++++ SUPPLIED ENTRIES

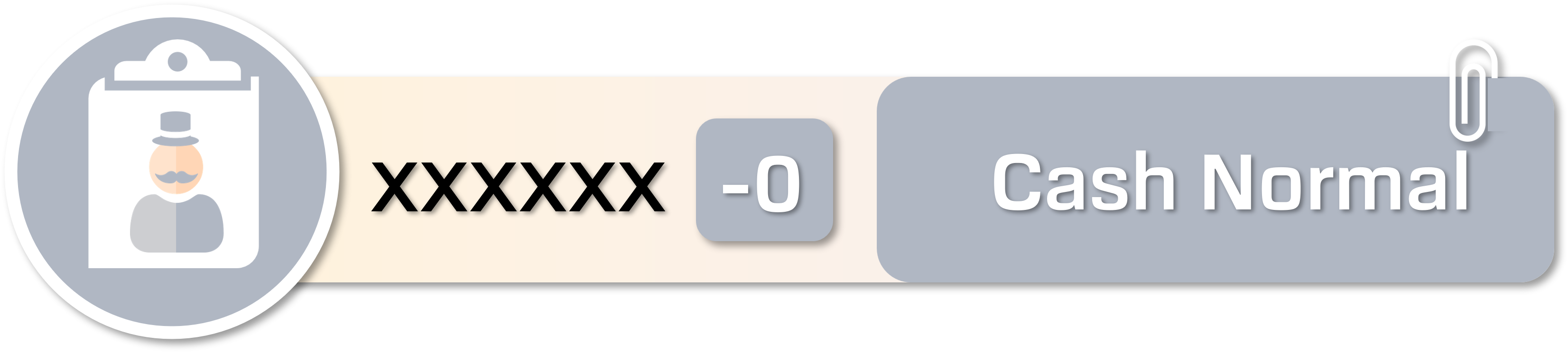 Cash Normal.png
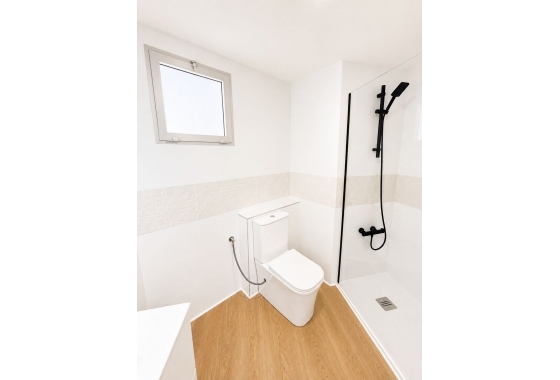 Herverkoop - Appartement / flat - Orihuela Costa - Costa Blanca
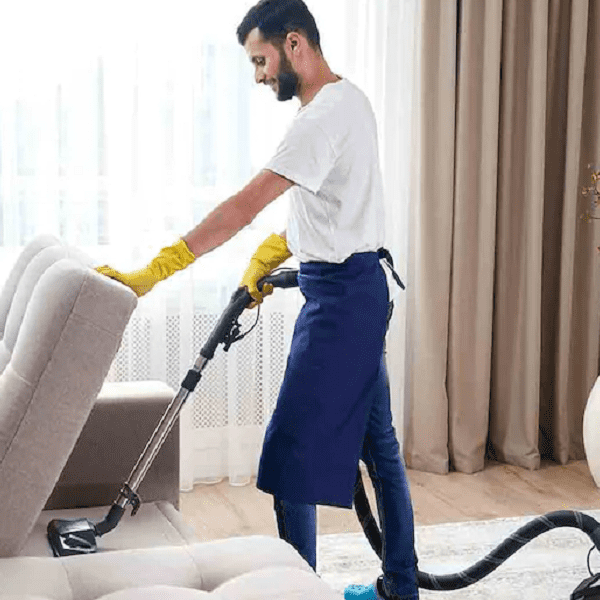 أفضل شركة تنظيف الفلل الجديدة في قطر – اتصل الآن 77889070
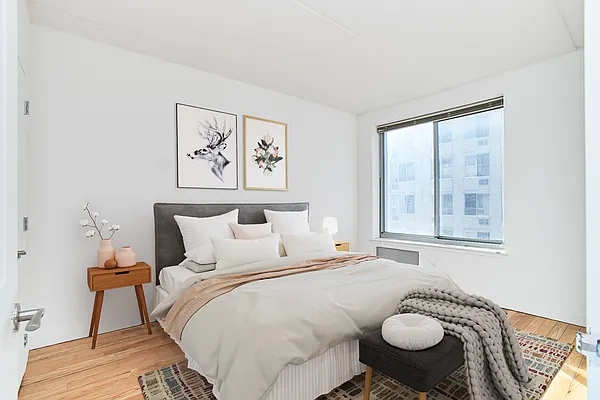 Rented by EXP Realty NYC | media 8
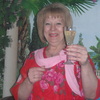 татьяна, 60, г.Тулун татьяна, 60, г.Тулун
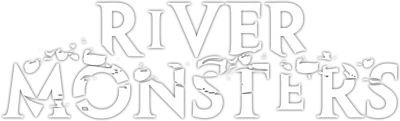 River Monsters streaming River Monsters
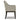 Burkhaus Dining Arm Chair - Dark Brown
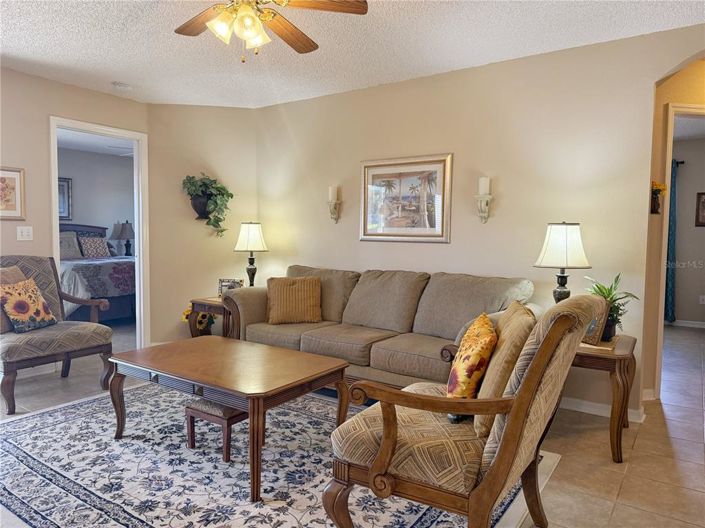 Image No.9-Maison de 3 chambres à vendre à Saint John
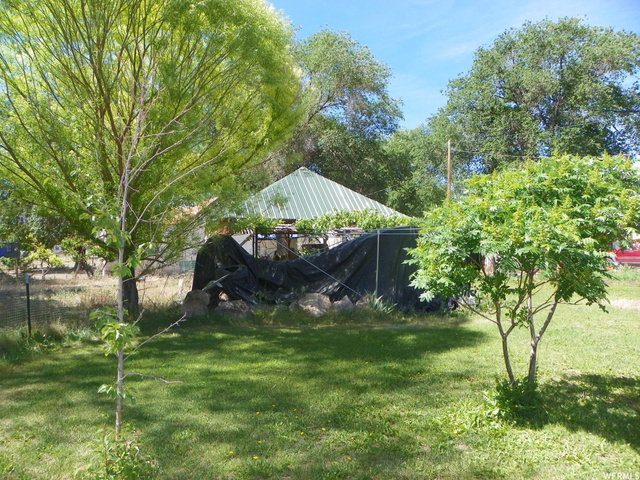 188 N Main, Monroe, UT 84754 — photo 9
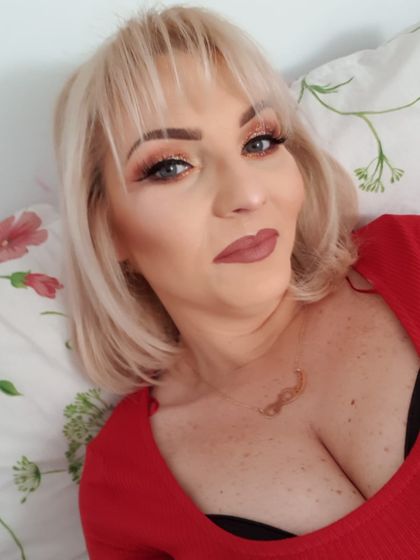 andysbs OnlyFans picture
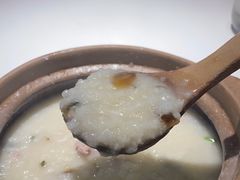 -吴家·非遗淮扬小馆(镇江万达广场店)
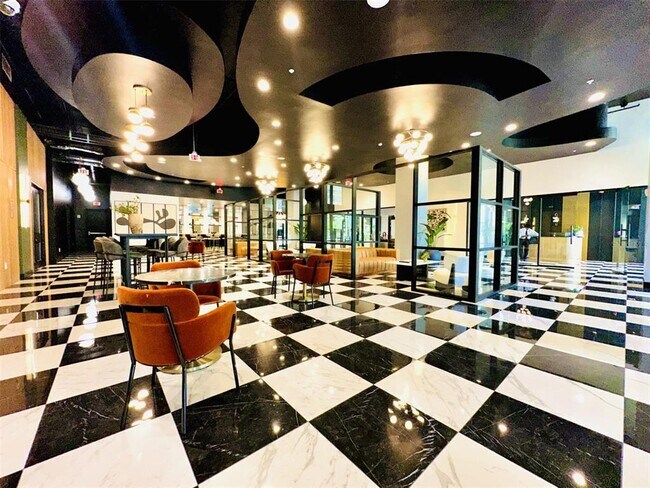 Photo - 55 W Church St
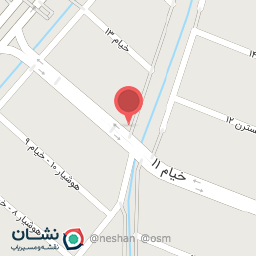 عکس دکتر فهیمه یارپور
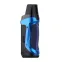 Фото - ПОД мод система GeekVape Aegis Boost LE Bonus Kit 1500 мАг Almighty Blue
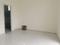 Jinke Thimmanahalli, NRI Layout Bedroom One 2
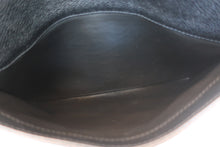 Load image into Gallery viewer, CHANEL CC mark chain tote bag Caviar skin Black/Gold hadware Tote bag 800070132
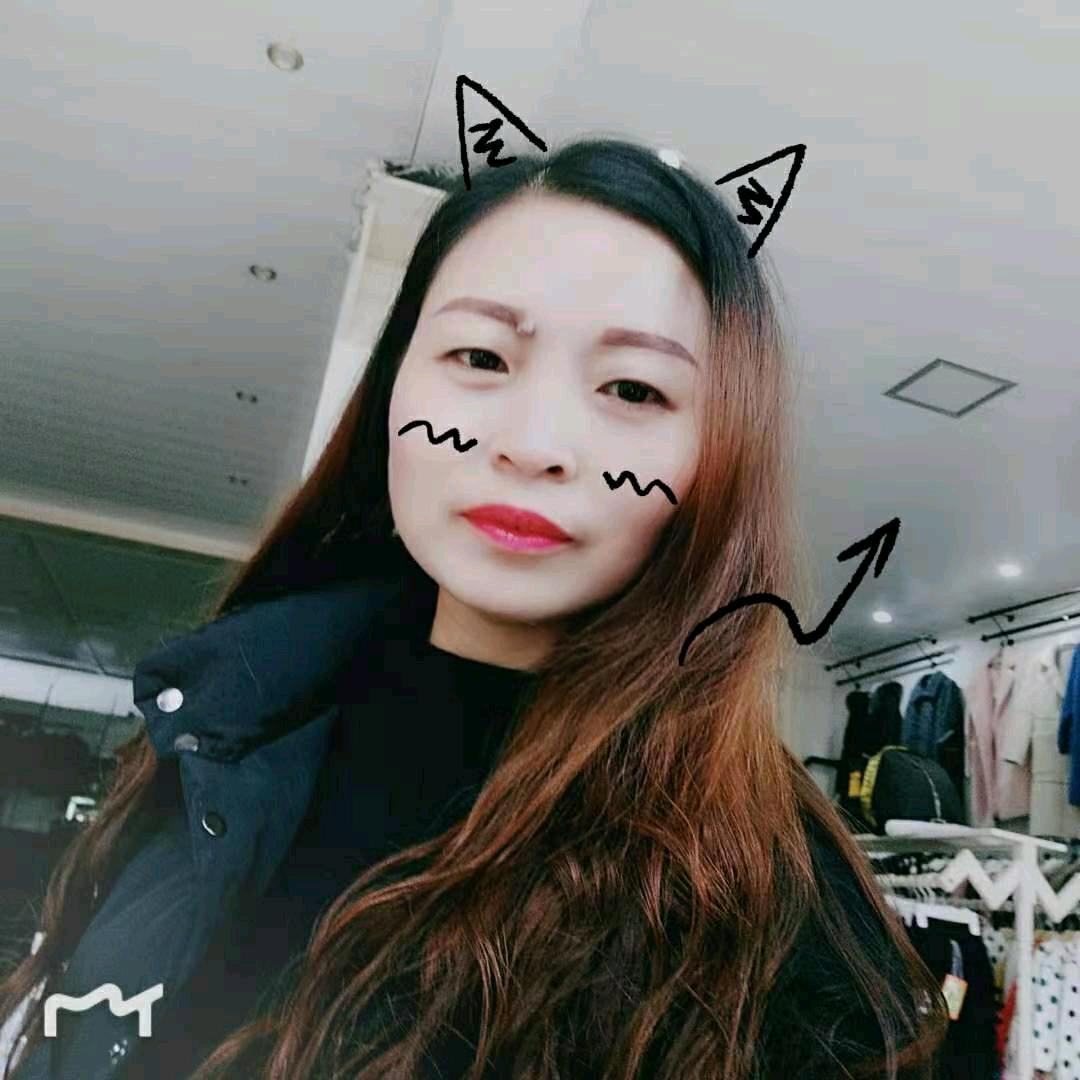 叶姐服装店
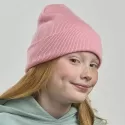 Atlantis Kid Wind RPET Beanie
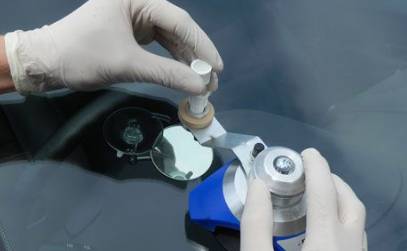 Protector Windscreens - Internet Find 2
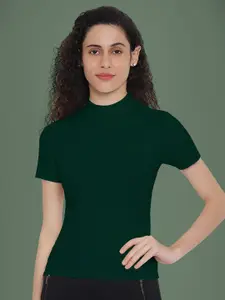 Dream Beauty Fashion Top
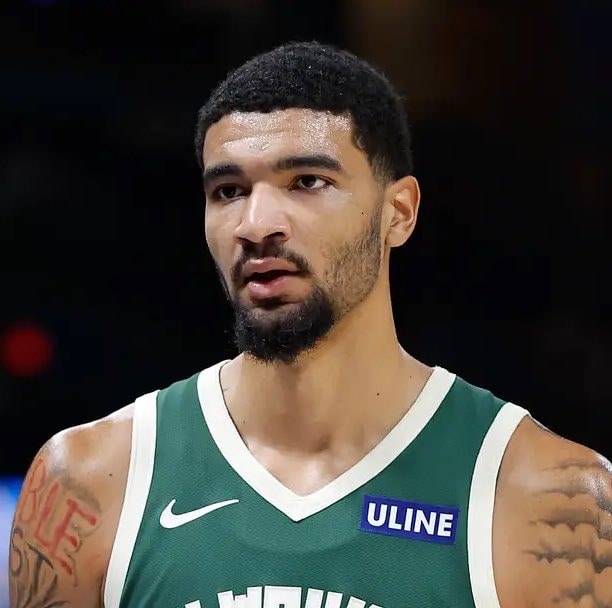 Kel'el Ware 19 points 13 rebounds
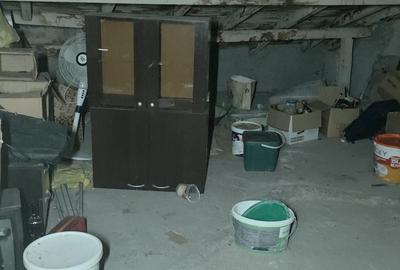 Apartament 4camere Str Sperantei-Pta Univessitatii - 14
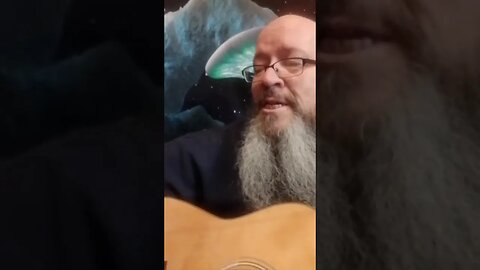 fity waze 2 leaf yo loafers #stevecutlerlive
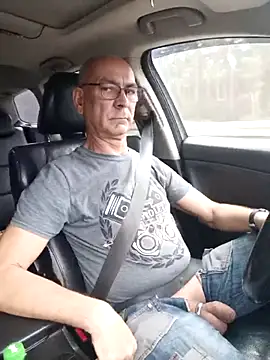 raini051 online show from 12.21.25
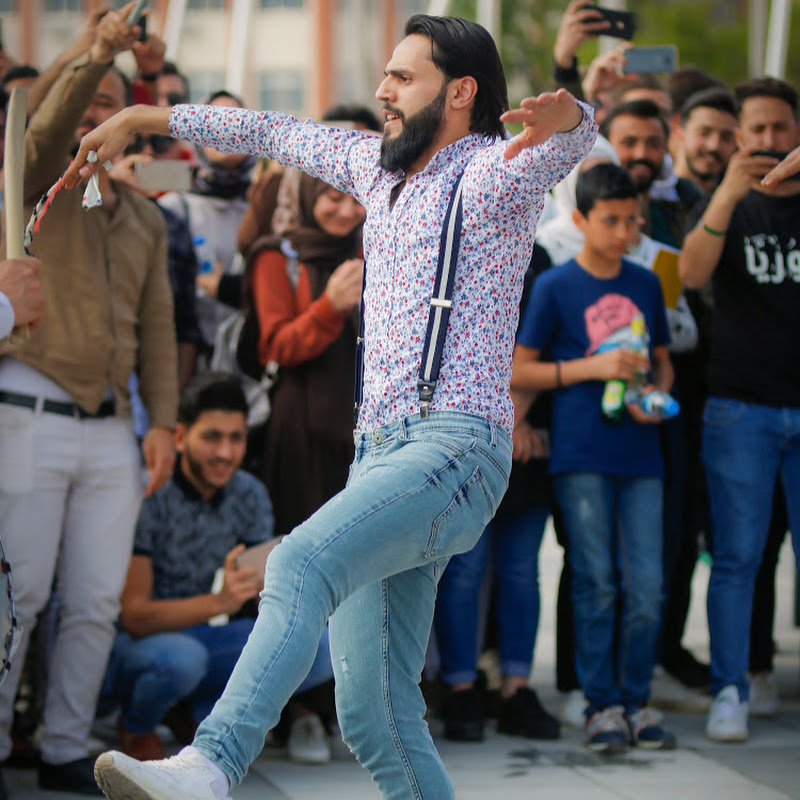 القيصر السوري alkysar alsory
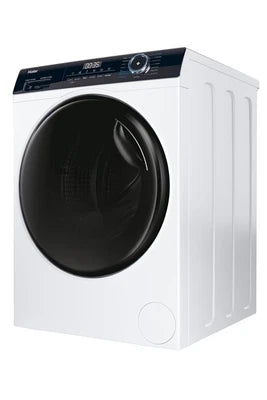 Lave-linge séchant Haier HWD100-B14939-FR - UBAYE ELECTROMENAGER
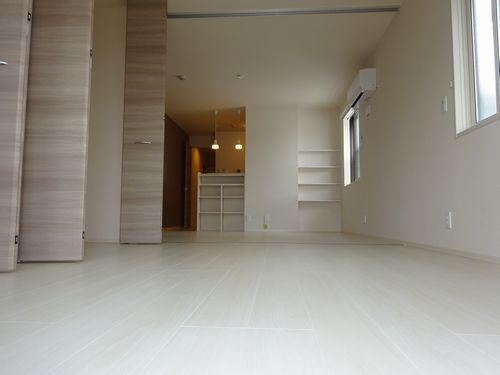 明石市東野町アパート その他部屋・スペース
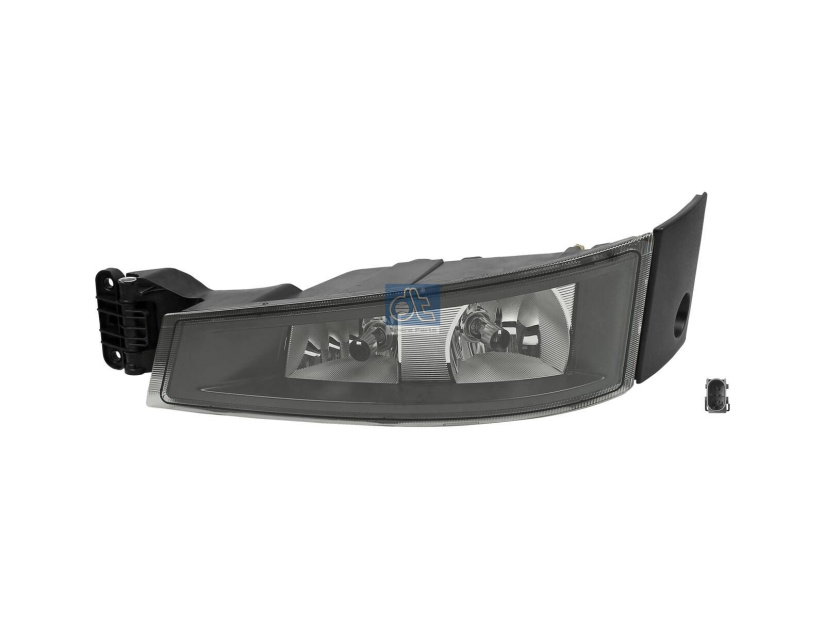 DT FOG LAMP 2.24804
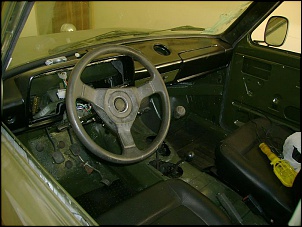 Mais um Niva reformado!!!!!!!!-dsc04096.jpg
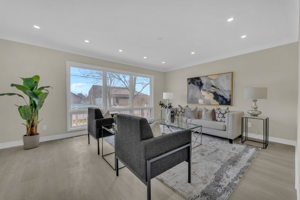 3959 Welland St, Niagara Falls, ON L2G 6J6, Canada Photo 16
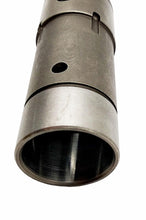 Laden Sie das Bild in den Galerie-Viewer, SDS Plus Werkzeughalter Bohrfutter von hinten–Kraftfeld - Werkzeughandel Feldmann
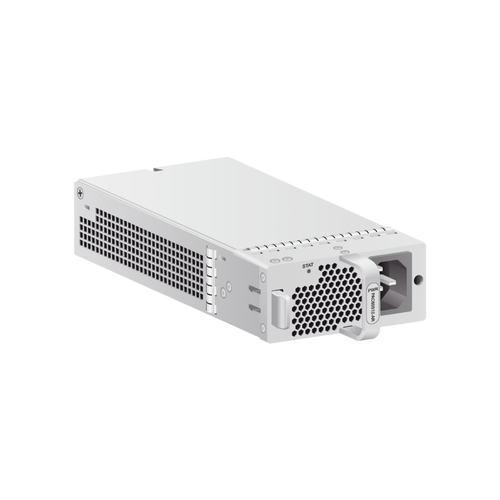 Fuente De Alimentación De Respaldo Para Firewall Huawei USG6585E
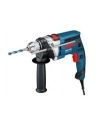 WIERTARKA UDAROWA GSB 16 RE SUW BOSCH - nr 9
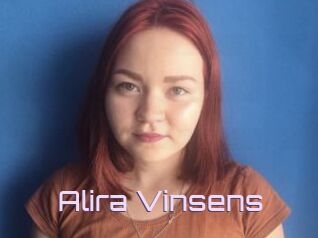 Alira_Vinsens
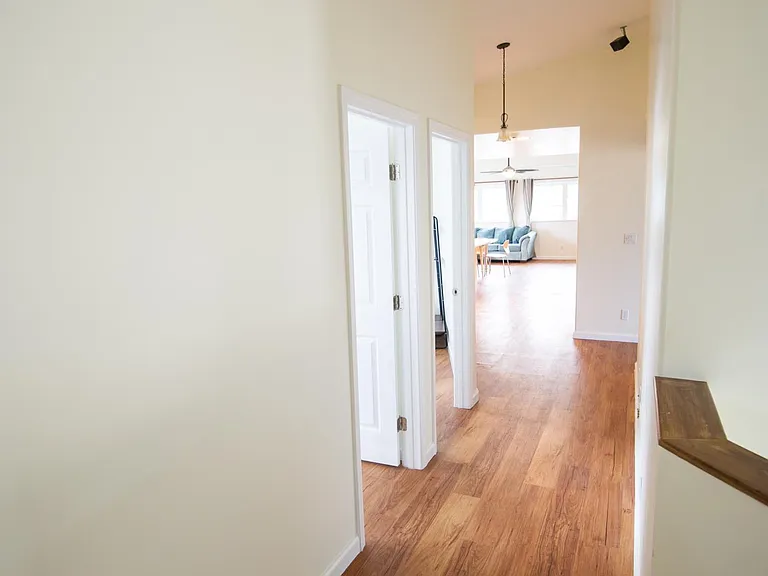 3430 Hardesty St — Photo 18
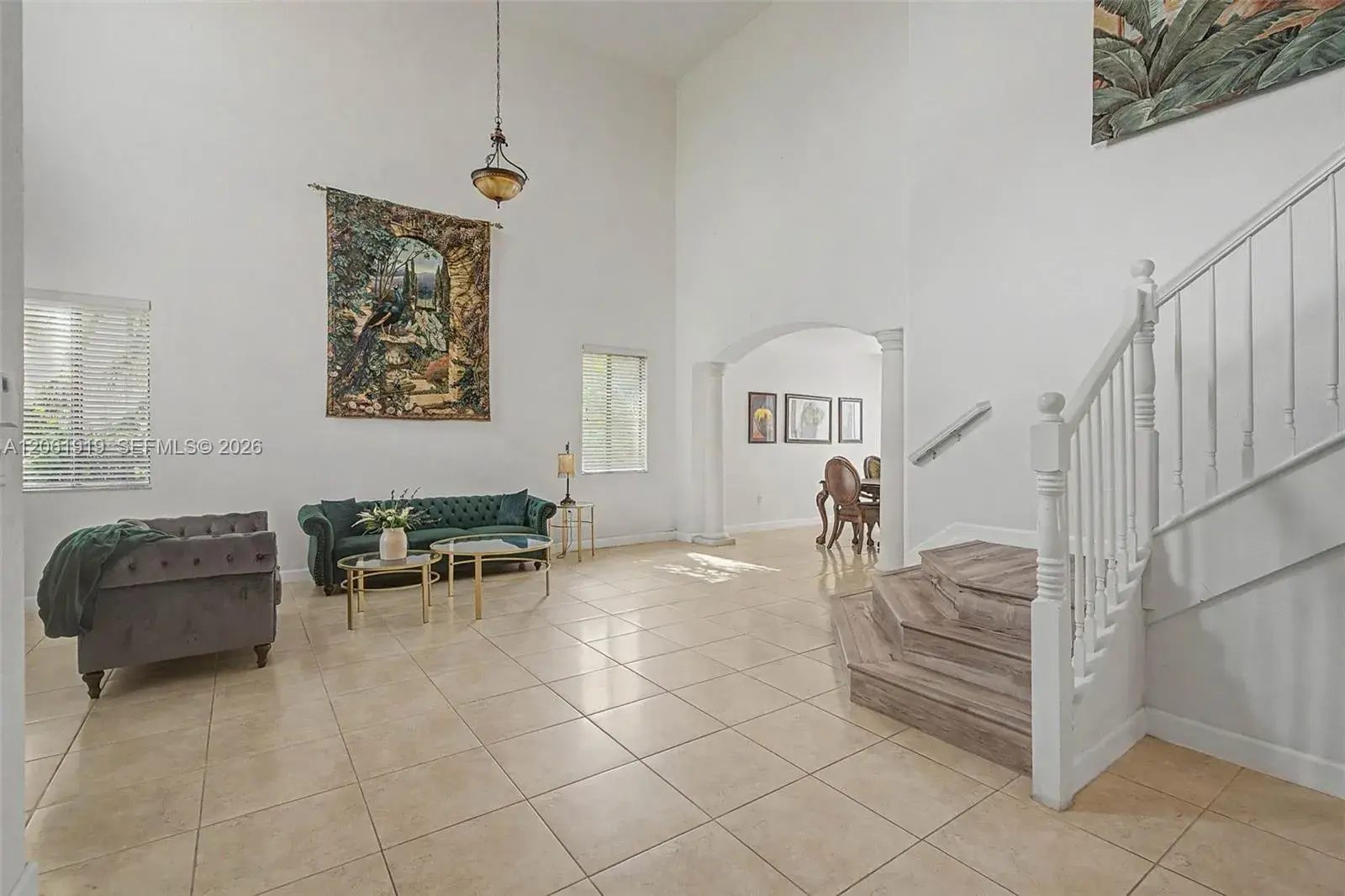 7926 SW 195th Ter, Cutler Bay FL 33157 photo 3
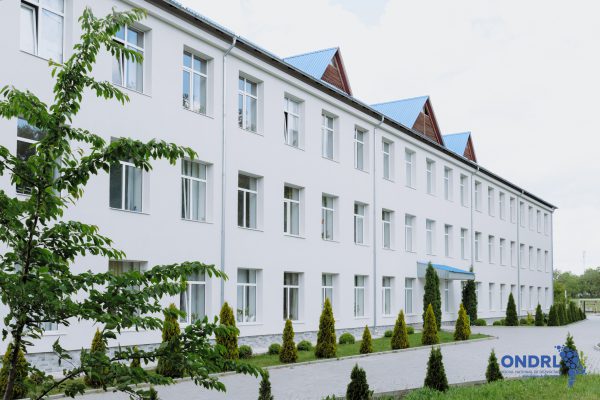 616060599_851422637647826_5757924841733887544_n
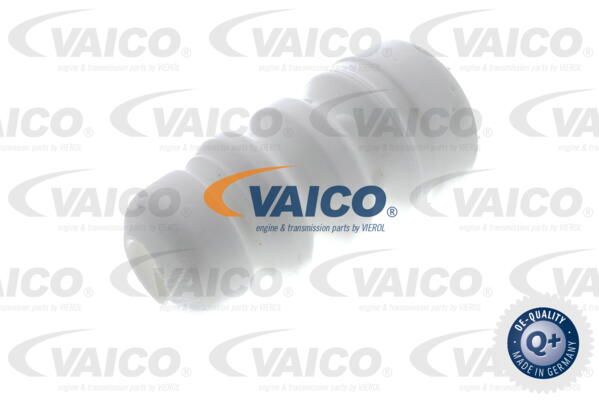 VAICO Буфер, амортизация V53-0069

++++++++

▶ [ABOUT THIS EXERCISE] Print the material in full and exactly, minus the pictures.

▶ [RESPONSE]
 Cash Normal.png
 Herverkoop - Appartement / flat - Orihuela Costa - Costa Blanca
 أفضل شركة تنظيف الفلل الجديدة في قطر – اتصل الآن 77889070
 Rented by EXP Realty NYC | media 8
 татьяна, 60, г.Тулун татьяна, 60, г.Тулун
 River Monsters streaming River Monsters
 Burkhaus Dining Arm Chair - Dark Brown
 Image No.9-Maison de 3 chambres à vendre à Saint John
 188 N Main, Monroe, UT 84754 — photo 9
 andysbs OnlyFans picture
 -吴家·非遗淮扬小馆(镇江万达广场店)
 Photo - 55 W Church St
 عکس دکتر فهیمه یارپور
 Фото - ПОД мод система GeekVape Aegis Boost LE Bonus Kit 1500 мАг Almighty Blue
 Jinke Thimmanahalli, NRI Layout Bedroom One 2
 Load image into Gallery viewer, CHANEL CC mark chain tote bag Caviar skin Black/Gold hadware Tote bag 800070132
 叶姐服装店
 Atlantis Kid Wind RPET Beanie
 Protector Windscreens - Internet Find 2
 Dream Beauty Fashion Top
 Kel'el Ware 19 points 13 rebounds
 Apartament 4camere Str Sperantei-Pta Univessitatii - 14
 fity waze 2 leaf yo loafers #stevecutlerlive
 raini051 online show from 12.21.25
 القيصر السوري alkysar alsory
 Lave-linge séchant Haier HWD100-B14939-FR - UBAYE ELECTROMENAGER
 明石市東野町アパート その他部屋・スペース
 DT FOG LAMP 2.24804
 Mais um Niva reformado!!!!!!!!-dsc04096.jpg
 3959 Welland St, Niagara Falls, ON L2G 6J6, Canada Photo 16
 Laden Sie das Bild in den Galerie-Viewer, SDS Plus Werkzeughalter Bohrfutter von hinten–Kraftfeld - Werkzeughandel Feldmann
 Fuente De Alimentación De Respaldo Para Firewall Huawei USG6585E
 WIERTARKA UDAROWA GSB 16 RE SUW BOSCH - nr 9
 Alira_Vinsens
 3430 Hardesty St — Photo 18
 7926 SW 195th Ter, Cutler Bay FL 33157 photo 3
 616060599_851422637647826_5757924841733887544_n
 VAICO Буфер, амортизация V53-0069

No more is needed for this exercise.